Finozzi: «indispensabile “liberare” gli imprenditori dai troppi lacci burocratici»
Il turismo, ovvero quel settore dell’economia nazionale che dovrebbe essere la principale risorsa di sviluppo dell’Italia, il paese che concentra il maggior numero di giacimenti culturali nel mondo, è sempre più una cenerentola. Dopo essere stata superata da Spagna e Francia, l’Italia è ora sorpassata anche dalla Germania.
Un dato che ha sconcertato l’assessore al turismo della regione Veneto Marino Finozzi: «di fronte a notizie del genere, vedere che lo Stato vuole riaccentrare le competenze e mettersi in sostanza a fare l’imprenditore turistico mi fa rabbrividire: liberi piuttosto gli imprenditori veri dalle pastoie e dai costi aggiuntivi che ci mettono fuori mercato.
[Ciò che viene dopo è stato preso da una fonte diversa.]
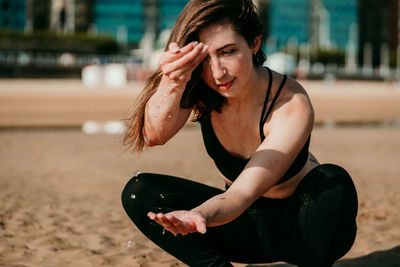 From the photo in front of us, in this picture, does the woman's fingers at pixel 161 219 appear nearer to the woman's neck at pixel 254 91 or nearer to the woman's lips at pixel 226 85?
the woman's lips at pixel 226 85

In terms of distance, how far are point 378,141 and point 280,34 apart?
92.7m

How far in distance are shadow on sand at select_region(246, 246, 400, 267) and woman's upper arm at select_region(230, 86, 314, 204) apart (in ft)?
5.00

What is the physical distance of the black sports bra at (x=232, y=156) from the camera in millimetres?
2576

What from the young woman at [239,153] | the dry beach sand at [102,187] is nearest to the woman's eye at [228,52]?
the young woman at [239,153]

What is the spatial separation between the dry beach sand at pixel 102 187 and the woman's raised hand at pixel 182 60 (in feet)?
2.22

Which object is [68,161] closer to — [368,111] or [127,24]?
[368,111]

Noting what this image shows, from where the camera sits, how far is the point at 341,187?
2463mm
Ci penseranno loro a far crescere il settore, come hanno fatto nei decenni d’oro durante i quali l’Italia era la prima meta turistica del mondo».
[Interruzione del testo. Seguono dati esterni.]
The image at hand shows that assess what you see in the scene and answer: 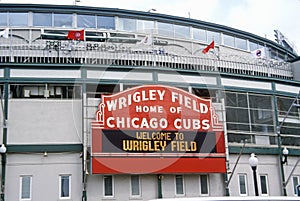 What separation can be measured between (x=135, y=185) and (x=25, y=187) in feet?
15.8

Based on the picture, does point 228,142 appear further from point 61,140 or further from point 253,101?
point 61,140

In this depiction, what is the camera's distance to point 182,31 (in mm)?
36375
Finozzi allarga il suo ragionamento: «il mio sconcerto nasce anche dal constatare che, in un anno “meteorologicamente” nero come il 2014, il turismo del Veneto, dove si conta un pernottamento ogni sei registrati in tutta la penisola, è in controtendenza rispetto al resto d’Italia e cresce in arrivi e presenze. Che non sono di per sé determinanti perché ciò che alla fine interessa le imprese turistiche è il reddito, che quest’anno deve fare i conti con danni materiali, cambiamenti forzati di abitudini turistiche e sconti per non perdere la clientela, anche se paga lo scotto. Ma se in una situazione non rosea calano anche questi, c’è da piangere».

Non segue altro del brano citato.